In a statement to Shafaq News Agency, Akrawi said, "the electoral process is running well without security complications."
"The past two days went without major events. No bombardment took place," he said, "voters' turnout in the sub-district is 40%."
Akrawi added, "technical issues occurred in a single village, but they were resolved within an hour."
Since 0700 (Iraq time), voters have been heading to the ballot centers to elect a parliament that many hope will deliver much-needed reforms after decades of conflict and mismanagement.
The vote was brought forward by six months in response to a popular uprising in the capital Baghdad and southern provinces in late 2019, when tens of thousands of people took to the streets to protest endemic corruption, poor services and rising unemployment. They were met with deadly force by security forces firing live ammunition and tear gas. More than 600 people were killed and thousands injured within just a few months.

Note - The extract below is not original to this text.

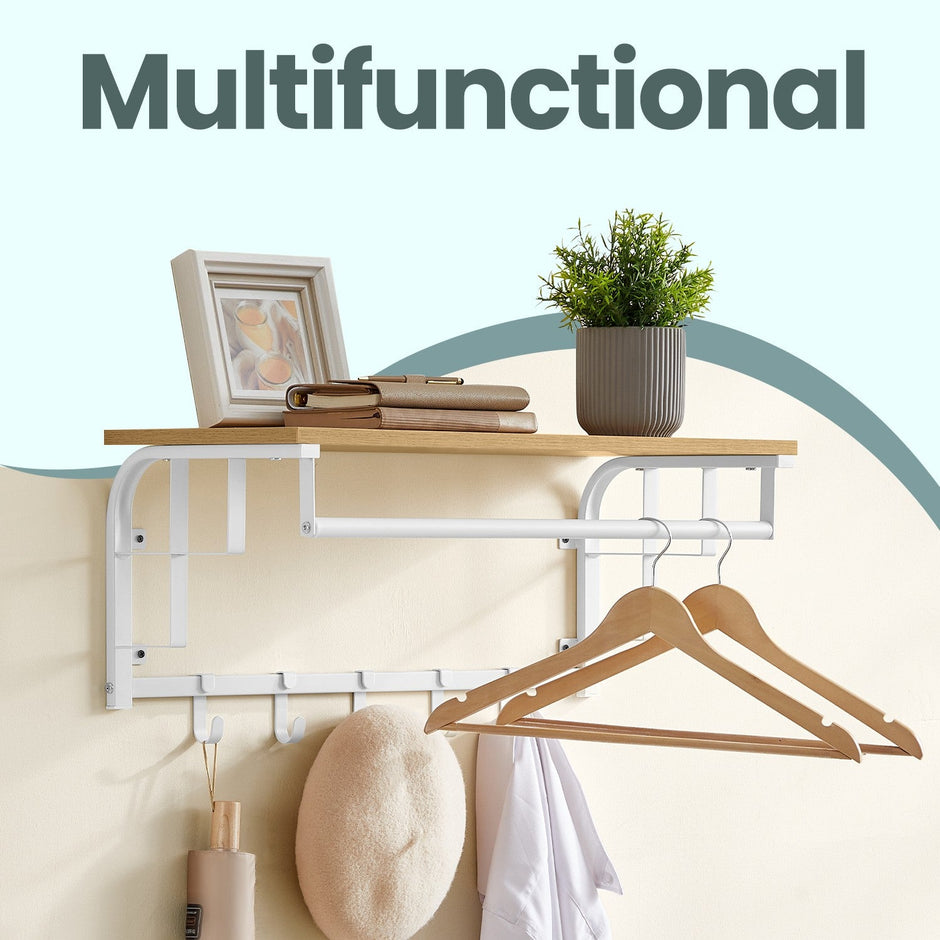 Wall-Mounted Coat Rack – Metal – Industrial Gray – With 5 Removable Hooks and Floating Shelf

A total of 3,449 candidates are vying for 329 seats in the parliamentary elections, which will be the sixth held since the fall of Saddam Hussein after the US-led invasion of Iraq in 2003.
More than 250,000 security personnel across the country were tasked with protecting the vote. Army troops, police and anti-terrorism forces fanned out and deployed outside polling stations, some of which were ringed by barbed wire.
"Get out and vote, and change your reality for the sake of Iraq and your future," said Iraqi Prime Minister Mustafa al-Kadhimi, after he cast his ballot at a school in Baghdad's heavily fortified Green Zone, home to foreign embassies and government offices.
"To those who hesitate, put your trust in God and go and choose those you deem appropriate," he added, reflecting concerns over a low turnout. "This is our opportunity."
The 2018 elections saw just 44% of eligible voters casting ballots, a record low. The results were widely contested. There are concerns of a similar or even lower turnout this time.
Various Irregularities marred the morning of the general election day in several ballot centers throughout Iraq, observers reported less than six hours since the beginning of the polls.